Me gusta verlo así. Lo que hace sólida mi vida no son las flores, ni las apariencias. Es la profundidad de mis raíces. Sin ellas me derrumbo ante la más mínima contrariedad.
La vida siempre trae consigo problemas, tensiones y contratiempos. Las raíces no se ven. Pero de ellas bebo y vivo. Me sostienen.
El reino de Dios son esas raíces que el mundo no aprecia. Me dan vida, me alimentan. Permanecen ocultas bajo la tierra y no destacan.
Lo que más importa en mi vida es lo que no se ve. Lo que nadie ve ni valora. El trabajo oculto, el esfuerzo constante, la entrega silenciosa, el sacrificio continuo. La profundidad de mi vida. De esa hondura depende mi solidez como persona y mi fecundidad. La profundidad de mi pozo.
San Ignacio escribió una frase clásica: “Nunca hay que coger los frutos de un árbol poniendo el hacha en las raíces”.
Sin raíces no habrá más frutos, ni vida verdadera. El tronco se seca y con él las ramas, las hojas, el fruto. Podré tener frutos un día, pero después, sin raíces, no volveré a florecer.
Por eso tengo que cuidar las raíces para asegurar que el fruto sea bueno, para que se fortalezca el árbol y pueda resistir las tempestades, y surjan más frutos.
¿Cómo son mis raíces? ¿Cómo es la profundidad de mi vida interior?
El Padre Kentenich habla de la alegría profunda que sólo es posible, permanente y honda cuando permanezco arraigado en Dios: “Exige un alto grado de amor a Dios y, al mismo tiempo, un muy fuerte desprendimiento del apego al yo y al mundo, un desvincularse del yo y del mundo, un vincularse en forma sumamente profunda a Dios, una fortísima intimidad con Dios y un estar cautivado por Dios”[2].
Un desapego del yo, del mundo, de lo que me quita la paz. Un apego profundo a Dios. Vivir cautivado por su amor. ¿Es eso posible?
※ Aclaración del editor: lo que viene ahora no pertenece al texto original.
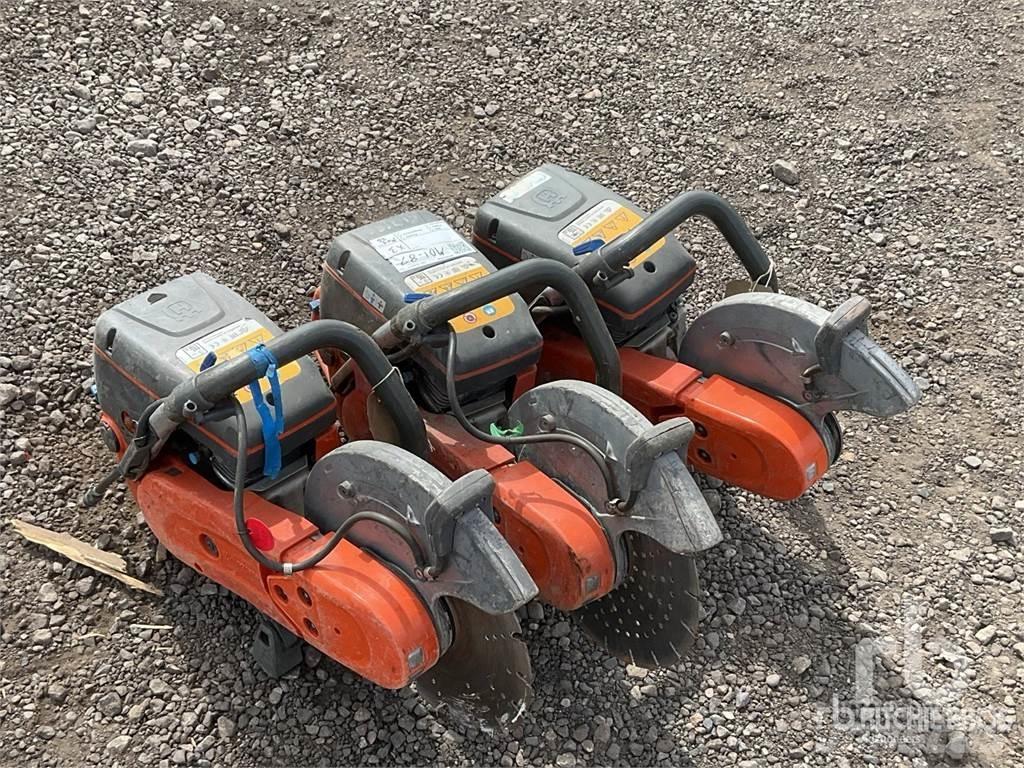 Husqvarna K770 Andet tilbehør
“Ir en busca de Dios no consiste en salir de sí mismo para hallar un objeto en el mundo exterior, sino en separarse de este mundo y replegarse en uno mismo”[3].
Miro mi alma y dejo todo lo que me inquieta en la superficie de las aguas. Me detengo ante lo que se mueve en mis mares más profundos, allí donde me asusta navegar.
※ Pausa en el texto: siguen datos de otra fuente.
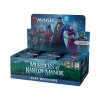 Play Booster box: Murders at Karlov Manor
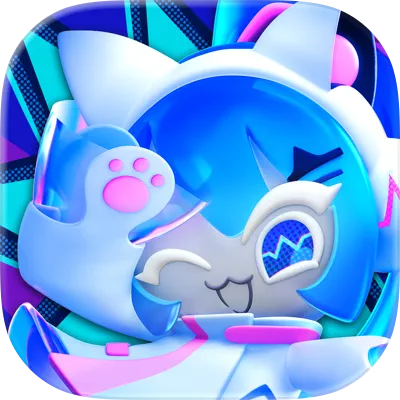 姜饼人大乱斗国际版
Me animo a descubrir mis deseos más hondos. Mis inclinaciones más arraigadas. ¿Cómo son las raíces de mi mundo interior? ¿Cómo es el pozo sobre el que me inclino para beber?
Vivo a menudo en la superficie y eso no me ayuda. Las noticias que saltan ante mis ojos me perturban. Todo lo que sucede llega a mis oídos con celeridad y me inquieto. No tengo tiempo para meditar en lo más profundo. ¿Hacia dónde estoy caminando?
Necesito que el árbol de mi vida sea más robusto. Necesito desconectar del mundo para conectarme con mis aguas. Necesito hondura para que mis ramas puedan cobijar a muchos. Necesito tener raíces profundas. Vivir arraigado en la tierra que piso.
Sueño con vínculos hondos. A personas, a lugares, a las ideas que me cautivan y enamoran. Profundidad tiene que ver con permanencia.
Cuando estoy arraigado en un lugar en profundidad me mantengo fiel en el mismo. Es un amor hondo, fiel, permanente. Un amor que permanece pese a las complicaciones que presente el camino de la vida.
Pienso en la tierra de María, en el Santuario en el que se arraiga mi corazón. En María se asegura mi crecimiento. María es mi Madre, es mi lugar de arraigo.
Allí puedo dejar mis penas y preocupaciones. Allí soy amado tal y como soy. Puedo dejar todo lo que me quita la paz y estar tranquilo.
En la tierra fértil del santuario todo cobra sentido. Allí descanso cada mañana y dejo lo que me inquieta. Noto el abrazo de Dios, y la mirada que cuida, y el agua que calma mi sed.
La semilla muere y da fruto. El árbol se alza firme. Si las aguas profundas de mi vida están tranquilas, no me importarán los vientos que levanten las olas en la superficie.
Si las raíces de mi árbol son hondas y fuertes, no temeré los vientos que todo lo mueven. Eso me conforta y sostiene.
Quiero profundizar cada día más. Quiero ahondar para llegar a las aguas más puras. Quiero tener raíces que sostengan el tronco de mi vida, y las ramas, y las flores.
Así es el reino de Dios que crece firme en lo oculto. Sin que yo me dé cuenta. Y así puedo descansar yo en ese Dios oculto, presente, firme. Y así podré ser yo descanso para otros. Un lugar en el que otros se cobijen.